_WHAT YOU SHOULD DO_. Without including any pictures, reproduce all the lines below word for word.

_GIVEN MATERIAL_.
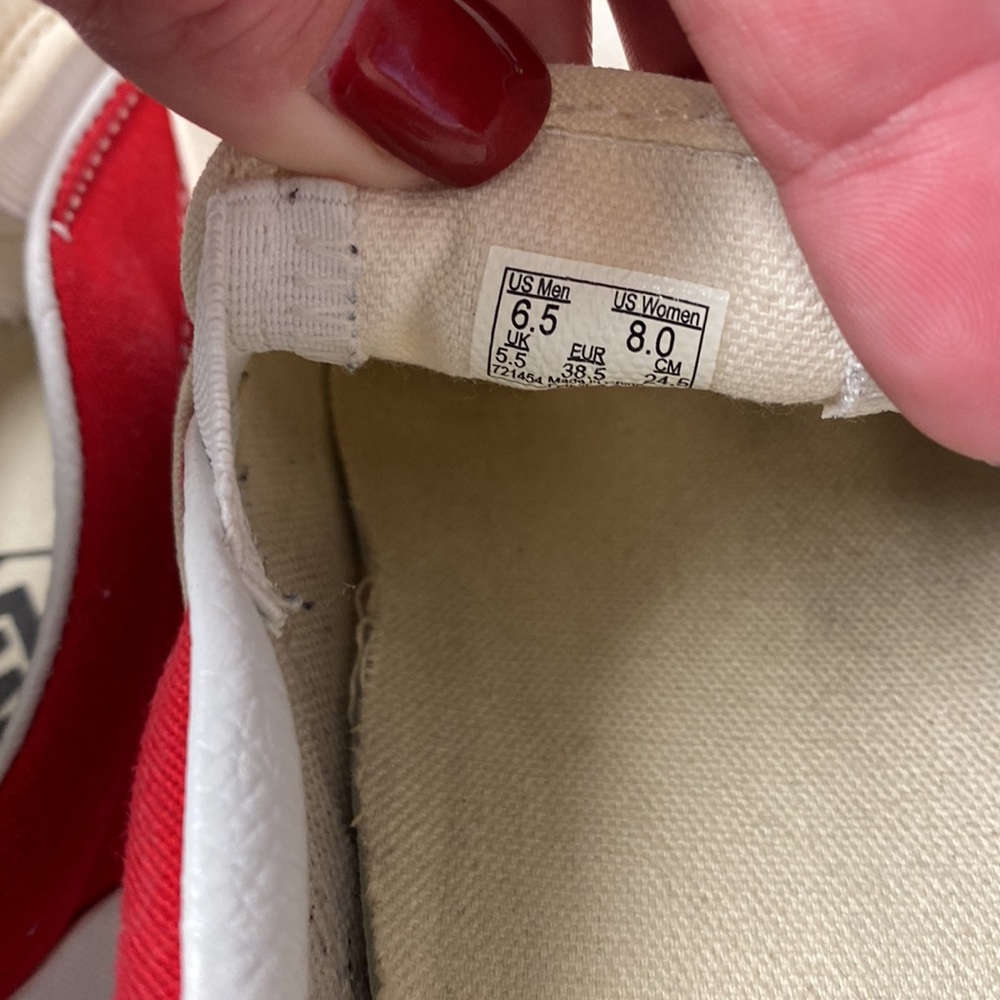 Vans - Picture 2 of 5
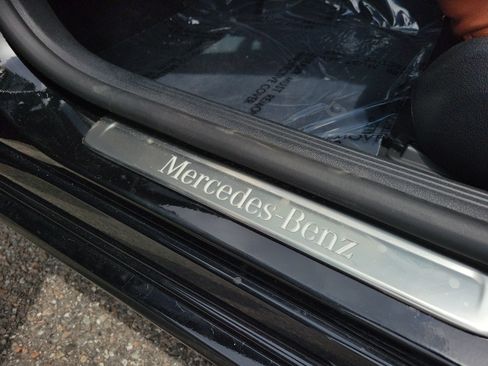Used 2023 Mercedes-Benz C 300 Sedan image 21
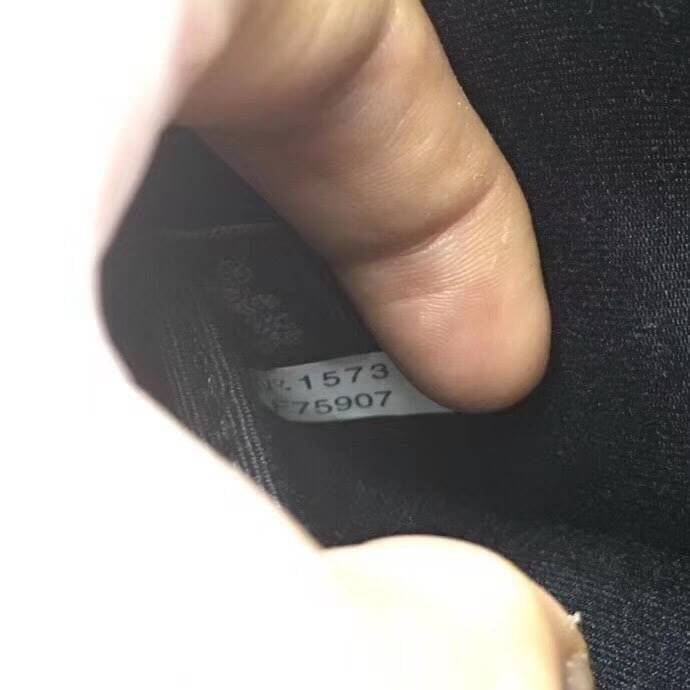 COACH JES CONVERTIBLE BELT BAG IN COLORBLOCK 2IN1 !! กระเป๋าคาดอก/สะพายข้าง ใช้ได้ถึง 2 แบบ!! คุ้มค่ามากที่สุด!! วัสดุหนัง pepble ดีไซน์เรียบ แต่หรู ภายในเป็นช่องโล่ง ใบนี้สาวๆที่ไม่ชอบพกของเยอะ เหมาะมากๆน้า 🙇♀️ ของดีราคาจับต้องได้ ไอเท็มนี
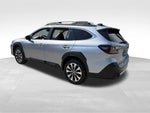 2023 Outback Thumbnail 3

_RESULT_.
 Vans - Picture 2 of 5
Used 2023 Mercedes-Benz C 300 Sedan image 21
 COACH JES CONVERTIBLE BELT BAG IN COLORBLOCK 2IN1 !! กระเป๋าคาดอก/สะพายข้าง ใช้ได้ถึง 2 แบบ!! คุ้มค่ามากที่สุด!! วัสดุหนัง pepble ดีไซน์เรียบ แต่หรู ภายในเป็นช่องโล่ง ใบนี้สาวๆที่ไม่ชอบพกของเยอะ เหมาะมากๆน้า 🙇♀️ ของดีราคาจับต้องได้ ไอเท็มนี
 2023 Outback Thumbnail 3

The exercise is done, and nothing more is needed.